Got a Doubt ! Wanting for your Help ! Plz make it ASAP !
rosuav at gmail.com
Wed Nov 27 09:36:48 CET 2013
On Wed, Nov 27, 2013 at 7:31 PM, Antoon Pardon
<antoon.pardon at rece.vub.ac.be> wrote:
> Op 27-11-13 09:19, Chris Angelico schreef:
>> On Wed, Nov 27, 2013 at 7:16 PM, Antoon Pardon
>> <antoon.pardon at rece.vub.ac.be> wrote:
>>> However that second sentence doesn't make much sense to me. Modern
>>> languages contain a subset that is called the standard language. This
>>> is the subset that is generally taught. Especially to those for whom
>>> the language is foreign. So when you define a specific language to
>>> use on an international forum, it is strongly suggested that people
>>> limit themselves to the standard subset and don't use dialects since
>>> "dialect" AFAIU means it is outside this standard.
>> Do you mean standard British English, standard American English,
>> standard Australian English, or some other?

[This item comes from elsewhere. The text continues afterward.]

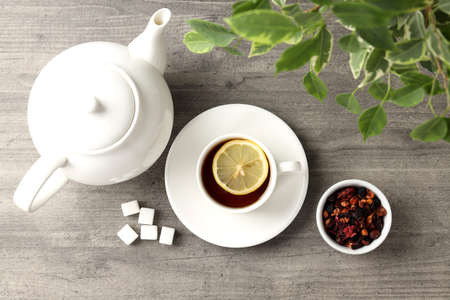 Concept of hot drink with tea on gray wooden backgroundの写真素材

> Does that significantly matter or are you just looking for details
> you can use to disagree? As far as I understand the overlap between
> standard British English and standard American English is so large
> that it doesn't really matter for those who had to learn the language.
> Likewise for the overlap with standard Australian English.
It matters hugely when your point depends on their being a single
"standard English". The overlap may be large, but all you've done is
either change the terms without solving the problem (because there are
still multiple language variants being used) or create a new language
(the common subset of English across all usages, which is an
impossible target to aim for).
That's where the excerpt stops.